__Task goal__: Below is a set of entries; give all of them again exactly.

═══ Data records ═══

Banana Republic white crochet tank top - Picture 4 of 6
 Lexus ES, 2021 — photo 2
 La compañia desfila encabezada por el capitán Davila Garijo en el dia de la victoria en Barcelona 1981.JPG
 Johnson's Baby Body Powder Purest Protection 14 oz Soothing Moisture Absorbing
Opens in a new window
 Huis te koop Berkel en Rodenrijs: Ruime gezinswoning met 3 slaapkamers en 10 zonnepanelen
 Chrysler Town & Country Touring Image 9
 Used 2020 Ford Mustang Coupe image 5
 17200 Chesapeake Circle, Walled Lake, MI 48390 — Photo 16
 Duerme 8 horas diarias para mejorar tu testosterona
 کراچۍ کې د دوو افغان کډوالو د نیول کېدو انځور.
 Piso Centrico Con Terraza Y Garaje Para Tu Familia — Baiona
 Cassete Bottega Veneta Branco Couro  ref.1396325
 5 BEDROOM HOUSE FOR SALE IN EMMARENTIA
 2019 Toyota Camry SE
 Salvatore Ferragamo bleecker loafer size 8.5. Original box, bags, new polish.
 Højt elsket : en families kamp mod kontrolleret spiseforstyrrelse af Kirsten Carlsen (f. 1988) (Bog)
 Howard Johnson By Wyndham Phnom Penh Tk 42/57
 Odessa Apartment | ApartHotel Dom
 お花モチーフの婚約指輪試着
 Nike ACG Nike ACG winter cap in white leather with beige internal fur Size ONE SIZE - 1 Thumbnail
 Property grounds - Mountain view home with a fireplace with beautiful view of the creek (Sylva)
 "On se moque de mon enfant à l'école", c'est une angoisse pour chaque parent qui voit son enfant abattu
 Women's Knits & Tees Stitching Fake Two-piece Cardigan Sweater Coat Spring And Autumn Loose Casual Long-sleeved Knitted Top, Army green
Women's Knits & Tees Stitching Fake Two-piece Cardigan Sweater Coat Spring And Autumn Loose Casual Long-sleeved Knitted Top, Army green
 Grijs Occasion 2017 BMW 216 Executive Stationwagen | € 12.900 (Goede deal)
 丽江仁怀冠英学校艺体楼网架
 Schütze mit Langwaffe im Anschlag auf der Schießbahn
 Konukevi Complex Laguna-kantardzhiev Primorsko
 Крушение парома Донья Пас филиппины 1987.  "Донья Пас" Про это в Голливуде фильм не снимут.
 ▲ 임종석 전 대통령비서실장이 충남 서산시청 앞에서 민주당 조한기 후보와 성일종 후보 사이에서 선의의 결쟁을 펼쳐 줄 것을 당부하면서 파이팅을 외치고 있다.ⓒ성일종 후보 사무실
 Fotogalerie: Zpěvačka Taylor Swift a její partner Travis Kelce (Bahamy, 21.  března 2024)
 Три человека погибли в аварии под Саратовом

═══

__Completed task__:
Banana Republic white crochet tank top - Picture 4 of 6
 Lexus ES, 2021 — photo 2
 La compañia desfila encabezada por el capitán Davila Garijo en el dia de la victoria en Barcelona 1981.JPG
 Johnson's Baby Body Powder Purest Protection 14 oz Soothing Moisture Absorbing
Opens in a new window
 Huis te koop Berkel en Rodenrijs: Ruime gezinswoning met 3 slaapkamers en 10 zonnepanelen
 Chrysler Town & Country Touring Image 9
 Used 2020 Ford Mustang Coupe image 5
 17200 Chesapeake Circle, Walled Lake, MI 48390 — Photo 16
 Duerme 8 horas diarias para mejorar tu testosterona
 کراچۍ کې د دوو افغان کډوالو د نیول کېدو انځور.
 Piso Centrico Con Terraza Y Garaje Para Tu Familia — Baiona
 Cassete Bottega Veneta Branco Couro  ref.1396325
 5 BEDROOM HOUSE FOR SALE IN EMMARENTIA
 2019 Toyota Camry SE
 Salvatore Ferragamo bleecker loafer size 8.5. Original box, bags, new polish.
 Højt elsket : en families kamp mod kontrolleret spiseforstyrrelse af Kirsten Carlsen (f. 1988) (Bog)
 Howard Johnson By Wyndham Phnom Penh Tk 42/57
 Odessa Apartment | ApartHotel Dom
 お花モチーフの婚約指輪試着
 Nike ACG Nike ACG winter cap in white leather with beige internal fur Size ONE SIZE - 1 Thumbnail
 Property grounds - Mountain view home with a fireplace with beautiful view of the creek (Sylva)
 "On se moque de mon enfant à l'école", c'est une angoisse pour chaque parent qui voit son enfant abattu
 Women's Knits & Tees Stitching Fake Two-piece Cardigan Sweater Coat Spring And Autumn Loose Casual Long-sleeved Knitted Top, Army green
Women's Knits & Tees Stitching Fake Two-piece Cardigan Sweater Coat Spring And Autumn Loose Casual Long-sleeved Knitted Top, Army green
 Grijs Occasion 2017 BMW 216 Executive Stationwagen | € 12.900 (Goede deal)
 丽江仁怀冠英学校艺体楼网架
 Schütze mit Langwaffe im Anschlag auf der Schießbahn
 Konukevi Complex Laguna-kantardzhiev Primorsko
 Крушение парома Донья Пас филиппины 1987.  "Донья Пас" Про это в Голливуде фильм не снимут.
 ▲ 임종석 전 대통령비서실장이 충남 서산시청 앞에서 민주당 조한기 후보와 성일종 후보 사이에서 선의의 결쟁을 펼쳐 줄 것을 당부하면서 파이팅을 외치고 있다.ⓒ성일종 후보 사무실
 Fotogalerie: Zpěvačka Taylor Swift a její partner Travis Kelce (Bahamy, 21.  března 2024)
 Три человека погибли в аварии под Саратовом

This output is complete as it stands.